Even a small understanding of the infinitude of God, good, makes it clear that the unlovely mortal and all phases of evil are delusion, without life, intelligence, or identity. It is mortal mind's ignorance of God's allness, its belief in a presence, power, and intelligence besides God, good, that is the origin of all sin, sickness, and death. Mortal mind sees its own objectified beliefs; but not knowing this it feels worried and helpless and turns to God to be saved from itself. In proportion as the infinite meaning of God's allness is understood, the claims of an evil power and presence are refused, and they lose their supposed reality and power.

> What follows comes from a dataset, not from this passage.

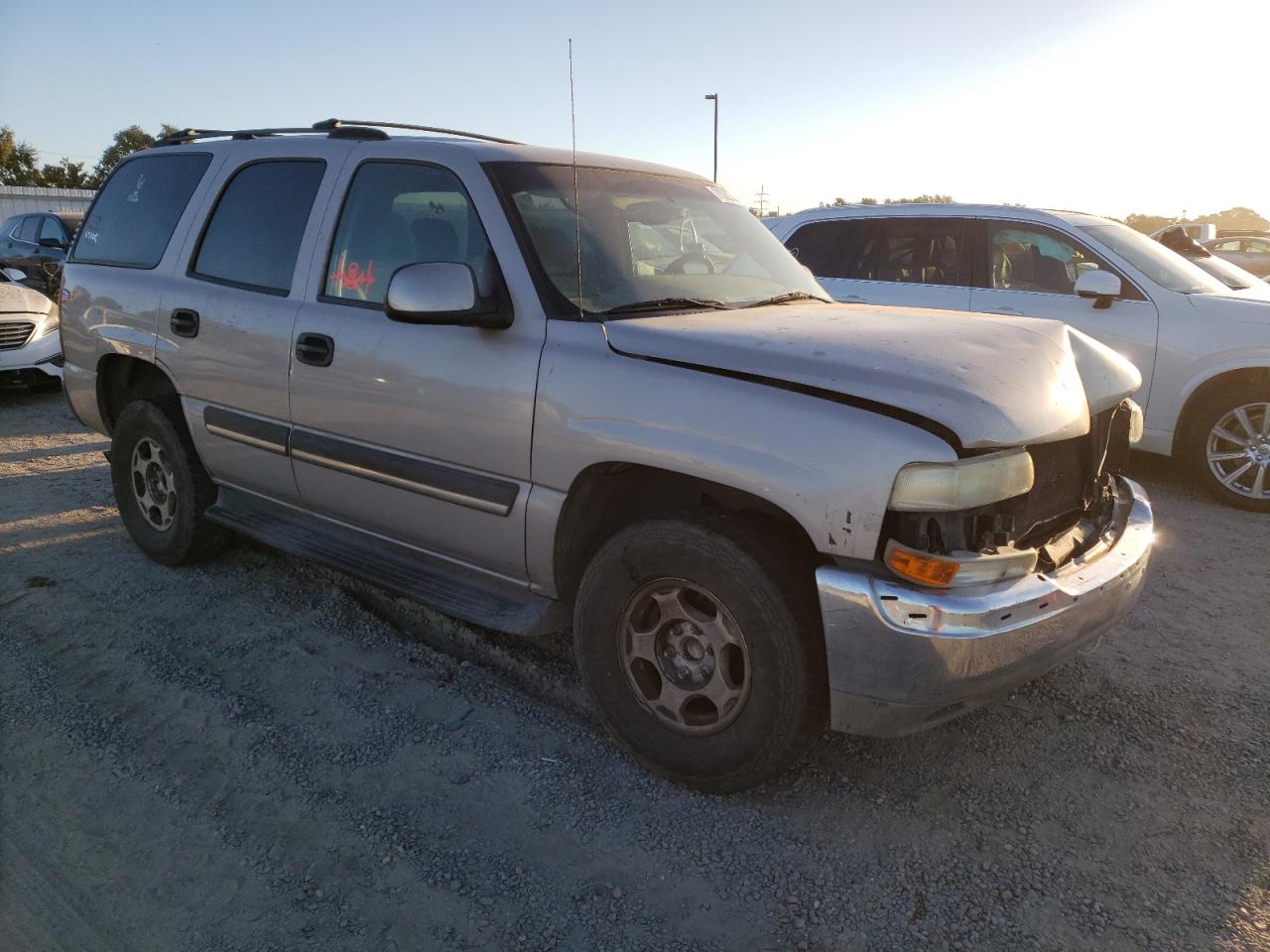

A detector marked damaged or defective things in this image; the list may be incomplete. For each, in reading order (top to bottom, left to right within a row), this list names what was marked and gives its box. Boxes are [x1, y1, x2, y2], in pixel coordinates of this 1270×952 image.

Jesus always denied the reality of sin, sickness, and death, and he asked his followers to do likewise, and to heal through Love. He said (John 15:12), "This is my commandment, That ye love one another, as I have loved you." Jesus, to whom God was all-inclusive Love, the Father, or Life, of man, understood himself and his neighbor as God's perfect reflection, or expression. Mrs. Eddy, who so deeply loved humanity, was able to understand Jesus, his expression of divine Love and Love's healing power. She writes on pages 476 and 477 of Science and Health: "Jesus beheld in Science the perfect man, who appeared to him where sinning mortal man appears to mortals. In this perfect man the Saviour saw God's own likeness, and this correct view of man healed the sick."

To spiritual consciousness, which knows Love to be the only living presence and power, that which seems to be a sick, sinful, or unlovable mortal loses all claim to reality and identity. In the light of divine Love's allness we love God as our very Life, perfect and eternal, and we are able to love our neighbor as ourself because we realize that our neighbor's Life is God, just as our Life is God; that he is loved by God, just as we are loved by God; that in reality he expresses God's perfection, even as we express God's perfection.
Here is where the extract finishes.